Rebecca Teltscher

In an article posted by CNNMoney, (“Bitcoin is not just digital currency. It’s Napster for finance” by David Z. Morris), it has been said that Bitcoin is the Napster for finance, in that it is a game changing concept for the financial industry similarly to how Napster and subsequently Apple’s I-tunes changed the dynamics of the music industry forever.  The hype built during 2013 (see chart below) saw the value of one Bitcoin currency increased from 26.8146 XBT/USD  to as high as 1230 XBT/USD.  However, the comparison with Napster still doesn’t sit right with me.

Source www.xe.com

Source www.xe.com

So what is a Bitcoin and why is there so much hype about it? In “simple” terms, Bitcoin is a decentralized digital cryptocurrency and peer-to-peer payment system. Still confused? Me too. Ok, let’s break this down.  Decentralized means the currency isn’t regulated by a government and that the currency is not backed by anything valuable such as gold. The currency is digital which means it is primarily used for online transactions and cryptography is used to control the creation and transfer of the currency. Price volatility has recently surged upward as speculators think the Bitcoin is the currency of the future.

The rapid rise in the value of bitcoins is as confusing as it is troubling and leaves far more questions than answers.  Is Bitcoin just a fad? Is its lack of traceability a catalyst to fund illegal activity? Is the currency’s value sustainable over the long term? All these uncertainties create the risk/reward profile that I wouldn’t bet on just yet.

If I go back to Economics 101, I recall some of the main factors that drive a currency. Factors including government control of monetary and fiscal policy, inflation, and interest rates directly influence currency values. As do other factors based on Gross Domestic Product (GDP) including consumption, production, exports, and imports. But what drives the price of a completely unregulated online currency? So far it appears as if the value of Bitcoins is driven solely by supply and demand, where the current demand seems to be influenced heavily by speculators.  Where do you draw the line between investments that are purely speculative and gambling?

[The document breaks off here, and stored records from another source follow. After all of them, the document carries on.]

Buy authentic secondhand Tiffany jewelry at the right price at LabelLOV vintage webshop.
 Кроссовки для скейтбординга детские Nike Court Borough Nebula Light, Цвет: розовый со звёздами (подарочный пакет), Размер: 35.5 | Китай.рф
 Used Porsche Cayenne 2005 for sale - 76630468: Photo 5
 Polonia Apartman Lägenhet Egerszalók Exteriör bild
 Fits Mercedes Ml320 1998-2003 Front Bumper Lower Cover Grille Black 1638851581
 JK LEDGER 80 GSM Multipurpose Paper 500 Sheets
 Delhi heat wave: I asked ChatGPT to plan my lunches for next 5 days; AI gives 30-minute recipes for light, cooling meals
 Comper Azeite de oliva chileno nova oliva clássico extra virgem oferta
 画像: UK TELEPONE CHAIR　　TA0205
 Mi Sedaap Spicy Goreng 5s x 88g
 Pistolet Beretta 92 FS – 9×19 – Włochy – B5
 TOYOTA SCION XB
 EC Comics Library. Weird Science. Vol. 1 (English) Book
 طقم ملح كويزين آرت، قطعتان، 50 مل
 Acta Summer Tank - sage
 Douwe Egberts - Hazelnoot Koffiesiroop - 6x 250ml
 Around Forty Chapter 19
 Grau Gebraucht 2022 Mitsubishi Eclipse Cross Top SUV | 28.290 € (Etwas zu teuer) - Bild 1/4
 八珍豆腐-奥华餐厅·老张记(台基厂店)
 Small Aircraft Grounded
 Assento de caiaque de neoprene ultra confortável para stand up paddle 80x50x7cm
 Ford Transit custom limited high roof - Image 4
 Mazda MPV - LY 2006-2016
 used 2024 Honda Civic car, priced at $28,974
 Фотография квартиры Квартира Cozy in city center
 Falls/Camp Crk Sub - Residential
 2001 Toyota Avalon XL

In this day and age where technology evolves faster and faster, it’s easy to get caught up in the buildup. When we evaluate potential investments at Leon Frazer we always try to avoid hype and look at the fundamentals such as the factors driving return and its sustainability. Since the Bitcoin is unregulated, there is nothing stopping speculators from dumping the currency and moving on to the next tech fad, thereby making the currency worthless. I may sound traditional, but I’d rather invest my money in something backed with real fundamentals and stable cash flows. Game changer or not, my RRSP contribution this year will be invested in a stable blue chip that grows its earnings and pays a decent yield.